What “Indexing” Actually Means
Indexing means Google has found your page, understood it enough, and stored it in its database so it can show up in search results.
Typical Indexing Time Ranges:
- Hours to a couple days: common for established sites that publish regularly
- 3–14 days: common for smaller sites or brand new pages with few internal links
- 2–6+ weeks: happens when crawl access is limited, content is thin/duplicate, or the site has low trust
What Makes Indexing Faster:
- Internal links: link to the new page from an already-indexed page (like your homepage or a popular blog post)
- Clean crawl signals: no “noindex,” not blocked by robots.txt, no weird redirects
- Strong unique content: useful, original, not a copy of another page on your site
- Search Console: request indexing
- Sitemap: make sure the URL is in your XML sitemap
Quick Checklist:
- Open the page in an incognito browser window and confirm it loads normally.
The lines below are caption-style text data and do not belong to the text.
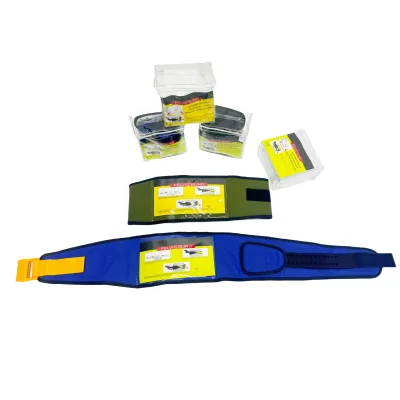 Medical recovery pelvic belt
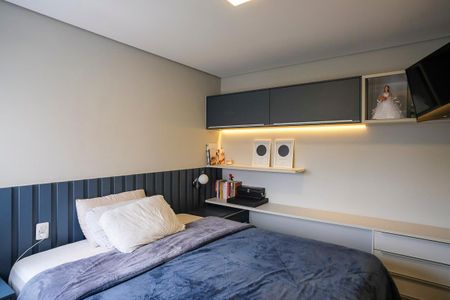 Apartamento à venda com 58m², 2 quartos e 2 vagasSuíte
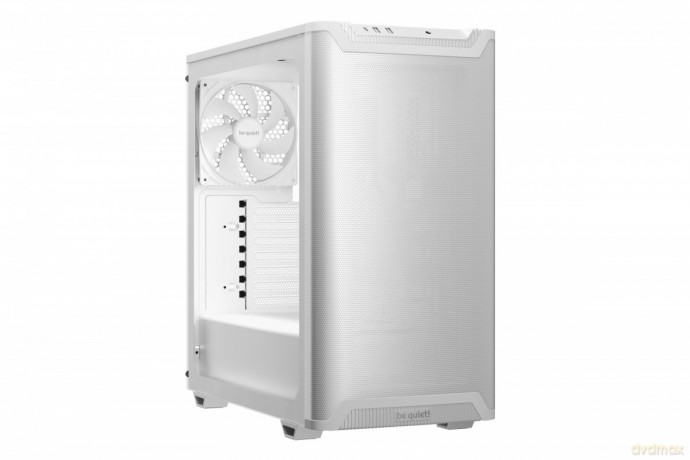 Obudowa Pure Base 501 Airflow Window White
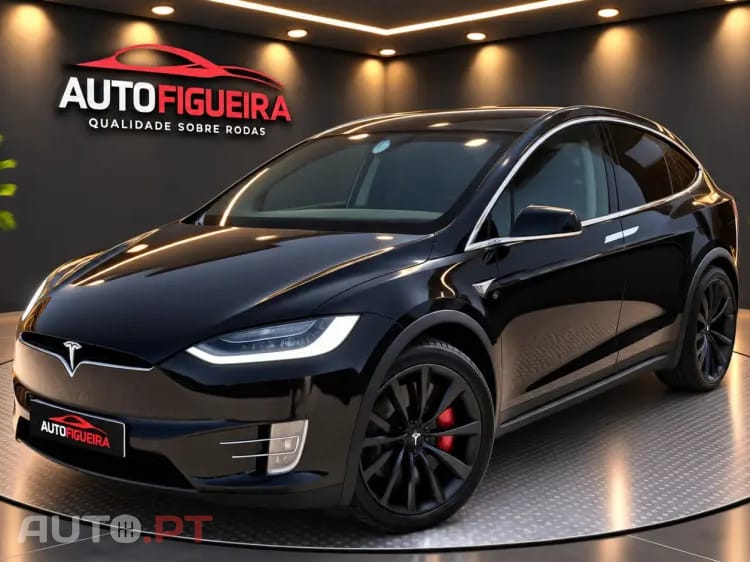 Tesla Model X 100D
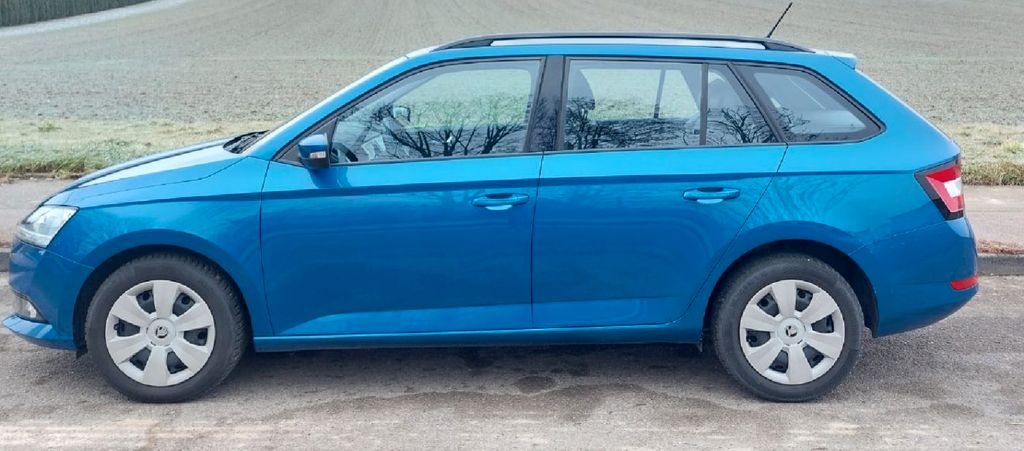 Skoda Fabia 79.500 km 12.250 &euro; Kirchheim unter Teck 73230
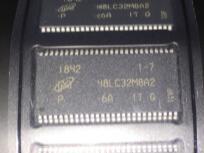  MT48LC32M8A2P-6A:G Brand new original import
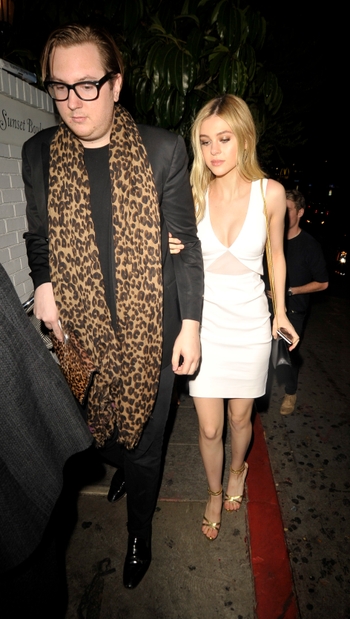 Nicola Peltz Beckham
- Make sure it’s not set to noindex.
- Make sure it’s not blocked in robots.txt.
- Add at least 1–3 internal links pointing to it from other pages.
- Request indexing in Google Search Console.
How to Tell if a Page is Indexed Yet:
Try a “site:” search in Google:
site:yourdomain.com the-exact-page-url
Like this:

If it shows up, it’s indexed. If not, it may still be crawling or ignoring it for now.